▸ **AIM OF THE TASK**
A line below contains "Un ouvrier du", and a later one contains "cartoon octopus wearing". Repeat both, with every line between them, exactly.

[Short descriptive text snippets]
--- --- ---
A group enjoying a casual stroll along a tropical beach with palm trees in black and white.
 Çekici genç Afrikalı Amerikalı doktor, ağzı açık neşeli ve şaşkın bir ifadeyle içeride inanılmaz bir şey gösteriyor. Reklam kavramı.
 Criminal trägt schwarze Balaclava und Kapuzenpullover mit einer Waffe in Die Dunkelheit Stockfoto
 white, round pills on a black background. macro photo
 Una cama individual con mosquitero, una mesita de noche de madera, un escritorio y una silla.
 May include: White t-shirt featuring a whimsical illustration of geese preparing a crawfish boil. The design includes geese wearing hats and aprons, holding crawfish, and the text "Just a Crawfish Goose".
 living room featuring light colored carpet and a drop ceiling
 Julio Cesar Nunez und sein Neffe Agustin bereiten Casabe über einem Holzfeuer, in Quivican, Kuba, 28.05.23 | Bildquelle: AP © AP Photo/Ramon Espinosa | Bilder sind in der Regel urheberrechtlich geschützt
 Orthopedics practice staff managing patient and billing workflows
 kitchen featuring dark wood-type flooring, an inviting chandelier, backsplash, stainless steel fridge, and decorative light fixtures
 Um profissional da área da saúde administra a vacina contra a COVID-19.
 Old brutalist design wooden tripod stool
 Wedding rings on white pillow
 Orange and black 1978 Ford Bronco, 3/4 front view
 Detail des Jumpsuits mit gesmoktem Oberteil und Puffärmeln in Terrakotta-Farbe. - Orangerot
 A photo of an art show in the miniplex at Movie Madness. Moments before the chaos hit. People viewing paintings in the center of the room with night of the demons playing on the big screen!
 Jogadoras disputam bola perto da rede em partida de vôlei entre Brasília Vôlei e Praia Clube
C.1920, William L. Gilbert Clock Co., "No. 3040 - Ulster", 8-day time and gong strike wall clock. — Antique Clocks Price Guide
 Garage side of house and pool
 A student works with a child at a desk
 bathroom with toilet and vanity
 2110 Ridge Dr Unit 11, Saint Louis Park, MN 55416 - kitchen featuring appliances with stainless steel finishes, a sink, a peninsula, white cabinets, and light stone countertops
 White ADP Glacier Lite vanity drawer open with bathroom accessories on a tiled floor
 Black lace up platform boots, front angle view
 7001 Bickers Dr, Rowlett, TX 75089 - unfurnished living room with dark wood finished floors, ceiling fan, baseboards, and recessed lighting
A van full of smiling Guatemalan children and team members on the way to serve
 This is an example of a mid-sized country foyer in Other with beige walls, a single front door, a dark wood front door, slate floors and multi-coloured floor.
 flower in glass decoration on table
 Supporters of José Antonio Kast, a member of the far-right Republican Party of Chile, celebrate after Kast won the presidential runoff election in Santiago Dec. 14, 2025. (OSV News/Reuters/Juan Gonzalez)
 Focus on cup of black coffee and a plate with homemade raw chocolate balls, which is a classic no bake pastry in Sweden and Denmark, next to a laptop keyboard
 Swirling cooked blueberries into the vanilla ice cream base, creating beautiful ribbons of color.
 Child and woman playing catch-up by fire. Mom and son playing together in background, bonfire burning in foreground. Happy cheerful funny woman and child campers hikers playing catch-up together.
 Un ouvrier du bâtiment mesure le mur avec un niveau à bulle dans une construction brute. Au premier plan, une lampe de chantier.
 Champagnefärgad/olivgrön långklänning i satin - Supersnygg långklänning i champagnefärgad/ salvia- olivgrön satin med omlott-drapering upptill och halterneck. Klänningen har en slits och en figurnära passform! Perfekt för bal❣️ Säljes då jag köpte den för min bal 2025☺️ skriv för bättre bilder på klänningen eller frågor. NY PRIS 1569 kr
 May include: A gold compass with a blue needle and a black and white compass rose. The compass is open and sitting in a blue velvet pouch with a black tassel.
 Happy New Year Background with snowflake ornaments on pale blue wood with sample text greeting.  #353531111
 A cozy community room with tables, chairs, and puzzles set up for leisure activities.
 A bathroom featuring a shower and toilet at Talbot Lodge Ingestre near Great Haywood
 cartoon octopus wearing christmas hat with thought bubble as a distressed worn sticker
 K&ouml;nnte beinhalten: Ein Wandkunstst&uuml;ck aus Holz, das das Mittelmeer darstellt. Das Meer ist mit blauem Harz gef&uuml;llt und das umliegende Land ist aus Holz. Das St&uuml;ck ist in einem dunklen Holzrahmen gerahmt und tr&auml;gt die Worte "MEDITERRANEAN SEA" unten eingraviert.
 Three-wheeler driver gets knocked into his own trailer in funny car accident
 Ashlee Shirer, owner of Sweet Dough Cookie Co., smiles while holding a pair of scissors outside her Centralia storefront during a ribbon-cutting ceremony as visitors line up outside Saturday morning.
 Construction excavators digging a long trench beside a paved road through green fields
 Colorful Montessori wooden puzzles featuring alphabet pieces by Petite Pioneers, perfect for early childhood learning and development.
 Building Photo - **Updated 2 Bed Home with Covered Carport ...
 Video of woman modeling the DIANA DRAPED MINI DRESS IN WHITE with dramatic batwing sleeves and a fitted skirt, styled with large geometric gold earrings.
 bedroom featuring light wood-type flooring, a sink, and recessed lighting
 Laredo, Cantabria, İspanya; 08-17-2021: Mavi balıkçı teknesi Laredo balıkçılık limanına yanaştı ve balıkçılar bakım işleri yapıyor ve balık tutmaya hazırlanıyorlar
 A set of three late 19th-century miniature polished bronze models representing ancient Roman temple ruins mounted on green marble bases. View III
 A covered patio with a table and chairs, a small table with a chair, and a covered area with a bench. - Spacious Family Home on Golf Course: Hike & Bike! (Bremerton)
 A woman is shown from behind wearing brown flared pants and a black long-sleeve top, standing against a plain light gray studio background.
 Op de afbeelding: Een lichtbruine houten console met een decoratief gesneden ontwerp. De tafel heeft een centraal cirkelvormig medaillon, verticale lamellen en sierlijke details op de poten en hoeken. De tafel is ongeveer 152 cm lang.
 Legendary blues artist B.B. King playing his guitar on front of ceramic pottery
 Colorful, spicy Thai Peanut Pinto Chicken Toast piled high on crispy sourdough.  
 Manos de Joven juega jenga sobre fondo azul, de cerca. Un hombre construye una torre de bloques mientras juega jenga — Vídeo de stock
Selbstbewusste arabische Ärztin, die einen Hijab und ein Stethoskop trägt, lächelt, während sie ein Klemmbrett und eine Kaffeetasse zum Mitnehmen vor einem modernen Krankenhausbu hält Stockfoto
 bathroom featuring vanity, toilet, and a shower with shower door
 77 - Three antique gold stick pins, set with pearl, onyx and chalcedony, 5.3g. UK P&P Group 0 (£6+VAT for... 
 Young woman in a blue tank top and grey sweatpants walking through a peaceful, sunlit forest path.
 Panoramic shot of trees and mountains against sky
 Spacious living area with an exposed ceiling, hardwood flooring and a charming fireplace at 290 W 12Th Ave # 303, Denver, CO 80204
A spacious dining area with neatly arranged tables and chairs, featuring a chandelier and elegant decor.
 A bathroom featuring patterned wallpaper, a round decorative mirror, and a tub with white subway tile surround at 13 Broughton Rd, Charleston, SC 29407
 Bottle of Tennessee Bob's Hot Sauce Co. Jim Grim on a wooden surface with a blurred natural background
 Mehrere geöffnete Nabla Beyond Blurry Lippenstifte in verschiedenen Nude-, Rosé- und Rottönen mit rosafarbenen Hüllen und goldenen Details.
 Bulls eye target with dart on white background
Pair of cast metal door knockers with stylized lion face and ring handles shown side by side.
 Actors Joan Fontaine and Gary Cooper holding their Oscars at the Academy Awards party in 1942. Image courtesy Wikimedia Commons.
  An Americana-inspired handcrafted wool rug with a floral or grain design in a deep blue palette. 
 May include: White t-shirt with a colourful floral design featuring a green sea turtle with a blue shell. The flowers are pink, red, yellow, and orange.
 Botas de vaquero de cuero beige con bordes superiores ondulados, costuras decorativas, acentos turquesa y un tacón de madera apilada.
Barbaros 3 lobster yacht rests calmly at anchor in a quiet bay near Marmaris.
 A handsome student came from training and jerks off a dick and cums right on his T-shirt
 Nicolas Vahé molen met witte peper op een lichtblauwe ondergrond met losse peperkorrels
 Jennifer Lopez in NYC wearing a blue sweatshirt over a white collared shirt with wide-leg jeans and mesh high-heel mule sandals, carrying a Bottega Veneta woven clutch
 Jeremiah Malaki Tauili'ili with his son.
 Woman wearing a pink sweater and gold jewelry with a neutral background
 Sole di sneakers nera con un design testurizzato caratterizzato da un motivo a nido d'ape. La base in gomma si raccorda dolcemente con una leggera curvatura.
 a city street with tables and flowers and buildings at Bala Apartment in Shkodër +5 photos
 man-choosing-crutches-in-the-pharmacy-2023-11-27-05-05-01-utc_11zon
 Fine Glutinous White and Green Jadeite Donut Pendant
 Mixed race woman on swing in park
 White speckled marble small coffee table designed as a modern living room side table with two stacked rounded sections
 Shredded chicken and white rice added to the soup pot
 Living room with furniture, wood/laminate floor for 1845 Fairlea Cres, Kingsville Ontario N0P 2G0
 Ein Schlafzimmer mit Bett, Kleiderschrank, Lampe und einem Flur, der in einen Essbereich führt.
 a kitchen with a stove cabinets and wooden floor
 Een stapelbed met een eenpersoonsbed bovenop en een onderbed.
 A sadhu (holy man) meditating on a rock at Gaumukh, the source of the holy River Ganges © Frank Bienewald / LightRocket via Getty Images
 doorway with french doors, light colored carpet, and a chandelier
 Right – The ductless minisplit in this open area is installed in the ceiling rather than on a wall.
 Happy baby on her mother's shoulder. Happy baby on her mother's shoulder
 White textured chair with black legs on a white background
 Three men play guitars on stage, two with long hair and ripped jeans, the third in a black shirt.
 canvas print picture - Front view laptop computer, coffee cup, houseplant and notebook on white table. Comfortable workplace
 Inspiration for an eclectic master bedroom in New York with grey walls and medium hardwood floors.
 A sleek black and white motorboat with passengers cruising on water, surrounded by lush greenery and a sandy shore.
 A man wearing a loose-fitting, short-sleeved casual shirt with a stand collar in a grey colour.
--- --- ---
▸ **REPLY TO THE TASK**
 Un ouvrier du bâtiment mesure le mur avec un niveau à bulle dans une construction brute. Au premier plan, une lampe de chantier.
 Champagnefärgad/olivgrön långklänning i satin - Supersnygg långklänning i champagnefärgad/ salvia- olivgrön satin med omlott-drapering upptill och halterneck. Klänningen har en slits och en figurnära passform! Perfekt för bal❣️ Säljes då jag köpte den för min bal 2025☺️ skriv för bättre bilder på klänningen eller frågor. NY PRIS 1569 kr
 May include: A gold compass with a blue needle and a black and white compass rose. The compass is open and sitting in a blue velvet pouch with a black tassel.
 Happy New Year Background with snowflake ornaments on pale blue wood with sample text greeting.  #353531111
 A cozy community room with tables, chairs, and puzzles set up for leisure activities.
 A bathroom featuring a shower and toilet at Talbot Lodge Ingestre near Great Haywood
 cartoon octopus wearing christmas hat with thought bubble as a distressed worn sticker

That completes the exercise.